Securities Commission Releases O.E.X. Electromagnetic Decision

  • Date:

    1989-12-19
  • Number:

    1989/12/19

The British Columbia Securities Commission released today its decision in the matter of O.E.X. Electromagnetic Inc. The Commission found that O.E.X. Electromagnetic Inc. ("OEX Canada") had repeatedly misrepresented its affairs and failed to meet its obligations as a reporting issuer. Six individuals, who were respondents in the case, were found to have engaged in conduct that the Commission found to be contrary to the public interest.

   In May 1986, OEX Canada, a shell company listed on the Vancouver Stock Exchange, began discussions with a company named O.E.X. Inc. ("OEX Arkansas"), based in Fort Smith, Arkansas. OEX Arkansas was a development stage company holding the rights to manufacture and market high fidelity audio speakers using a patented technology. An agreement was negotiated between Byron L. Williams, president and a director of OEX Canada, and Gary Wayne Cooper, president of OEX Arkansas, under which OEX Canada would raise financing for OEX Arkansas and the shareholders of OEX Arkansas would acquire control of OEX Canada. Cooper and Mark S. Wilson, another officer of OEX Arkansas, subsequently became directors of OEX Canada.

   From July 1986 until early 1988, the shares of OEX Canada were the subject of an aggressive promotional campaign conducted from the offices of Four Star Management Ltd., Williams' private company, by Williams, Montague Simons and Elford Scott. The campaign was conducted through promotional literature, telephone calls, two promotional videos and personal appearances at seminars and trade shows.

   The price of OEX Canada's shares rose from about 20 cents in a the spring of 1986 to about $8 in the summer of 1987, at which time the company raised $3.8 million in a public share offering through the Vancouver Stock Exchange. The price subsequently declined to about $2 before trading was halted in April 1988.
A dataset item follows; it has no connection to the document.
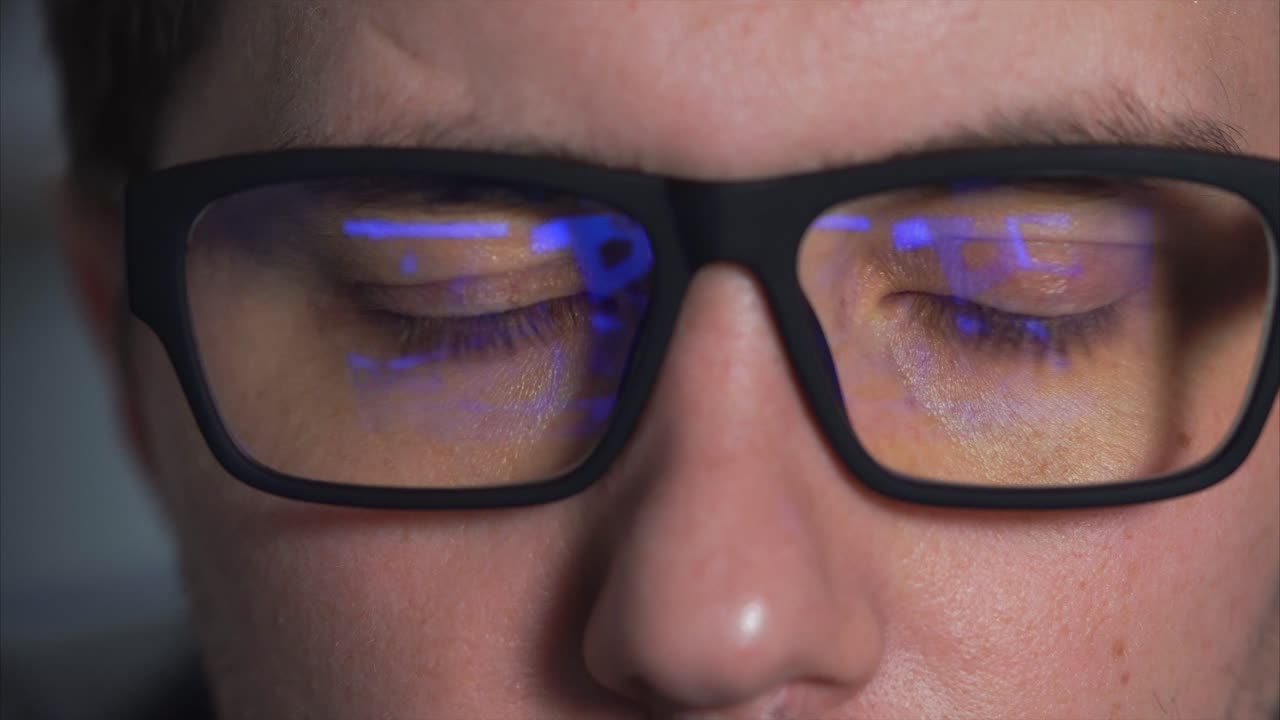 persona que usa gafas con reflejo de la pantalla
   Between August 1986 and August 1987, OEX Canada advanced to OEX Arkansas a total of $2.4 million U.S., with no effective security. An accounting review in May 1988 revealed that most of this money was misappropriated by Cooper.

   The Commission found:

- that the statement of material facts filed by OEX Canada for the public offering, and an accompanying technical report by the Coopers and Lybrand Consulting Group, did not contain full, true and plain disclosure, as required by the Securities Regulation and, in fact, that the description of OEX Canada's affairs in the statement of material facts bore little resemblance to reality;
- that OEX Canada did not disclose material changes in its affairs on a timely basis or, in some cases, at all, and that many of its news releases contained misrepresentations;
- that the promotion campaign mispresented the affairs of OEX Canada, and concluded an undertaking concerning the future price of OEX Canada's shares and representations concerning a planned listing of the shares on NASDAQ, both of which are prohibited by the Securities Act; and
- that certain transactions undertaken in connection with OEX Canada shares involved the assignment of director and employee options, contrary to the policies of the Vancouver Stock Exchange.
   The Commission found that Cooper and Wilson withheld information on the affairs of OEX Arkansas from Williams, Simons and Scott and, generally, that they failed in their obligations as directors of OEX Canada. Cooper, in particular, was found responsible for misappropriating funds for his personal benefit. Cooper and Wilson were found to have acted dishonestly, in bad faith and contrary to the best interests of OEX Canada.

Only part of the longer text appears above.